It was 1931, and the air in Chicago’s 57th Street art colony crackled with sexual tension. Couples drank, mingled, and eventually started kissing, moving from partner to partner. What had started as a wild bohemian party was now something more intimate.
Eve Blue, a college undergraduate, was there for the fun. That December night, she kissed six men, caressing and touching them but never going all the way. The young flapper had just experienced a “petting party”—a 1920s and 1930s fad that titillated youth, scandalized adults and stoked the myth of the immoral flapper.
Blue fit the stereotype of the 1920s flapper to a T, chasing a lifestyle that would have been unthinkable just 20 years before. She drank alcohol, smoked cigarettes, and dabbled in bohemianism. She cut her hair short, wore dresses that showed off her fashionably slender figure, used daring slang and dated multiple men before marriage.

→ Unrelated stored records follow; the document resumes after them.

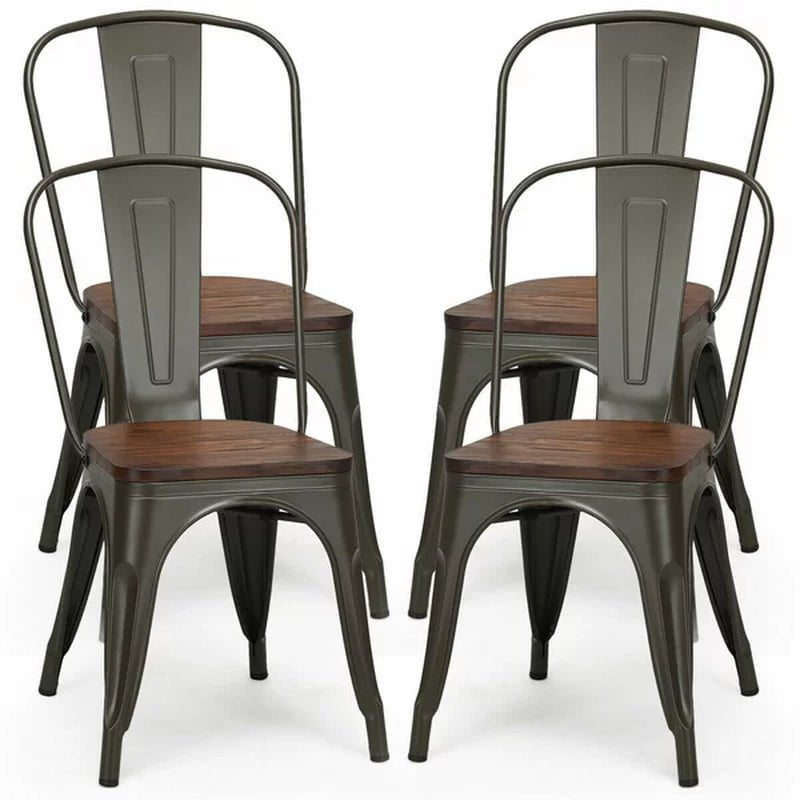 Collins Slat Back Stacking Side Chair in Gunmetal Gray/Brown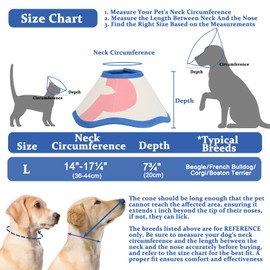 BARKLESS Soft Cones for Medium and Large Dogs After Surgery, Protective Dog Surgery Collar to Prevent Licking, Adjustable Cone of Shame Alternatives (Blue, L)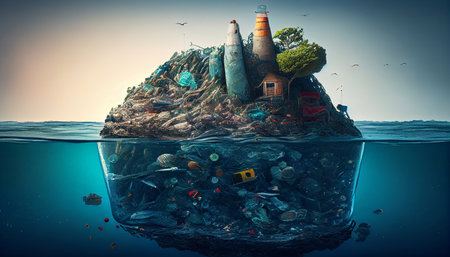 An island in the middle of the ocean of bottles, fishing nets, swim vests and plastic trash. Generative AI.の素材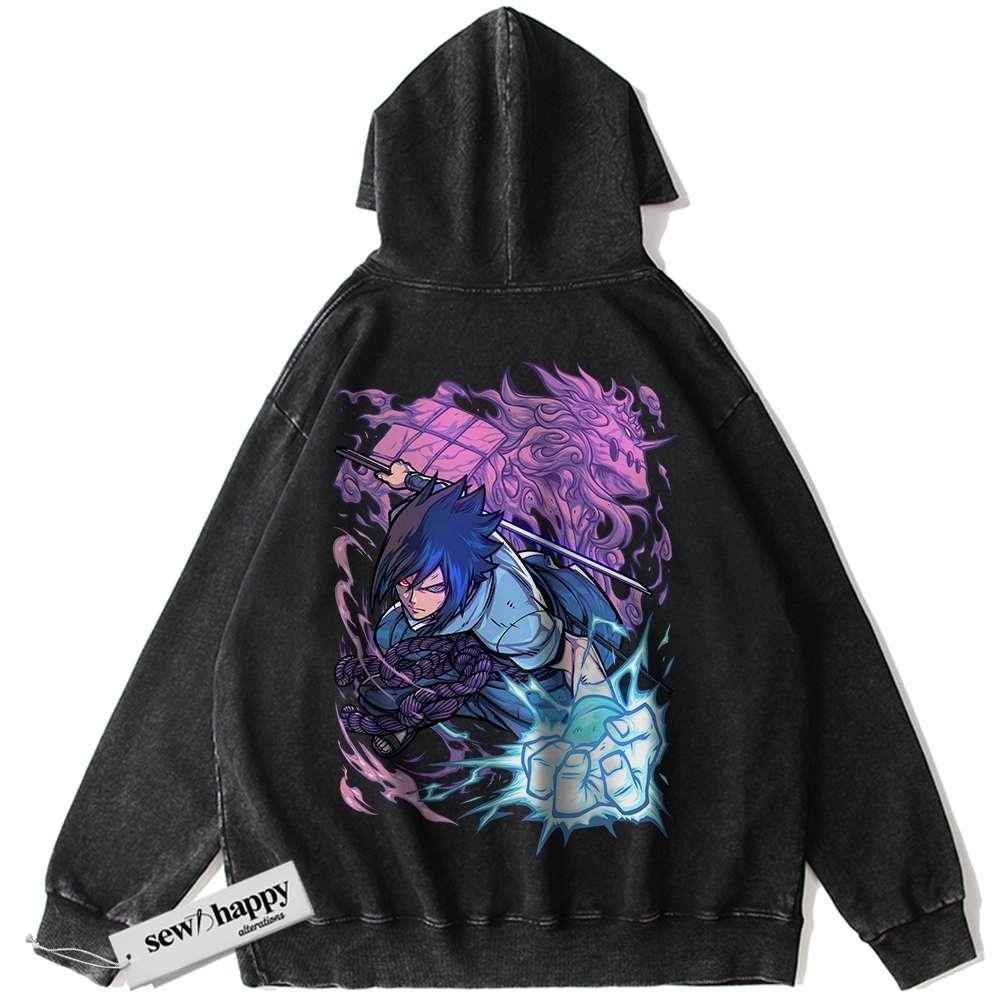 Wash Hoodie Sasuke Uchiha Hoodie, Naruto Hoodie, Anime Hoodie, Vintage Hoodie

But not everyone approved of the fashions and fads of these newly liberated young women. To many Americans, petting parties epitomized everything that was evil about the Jazz Age. These parties took on different forms, but they all had the same goal: physical pleasure.
The gatherings may have raised eyebrows, but petting parties were a far cry from orgies, historian Paula S. Fass tells NPR: They “both encouraged experimentation and created clear limits.”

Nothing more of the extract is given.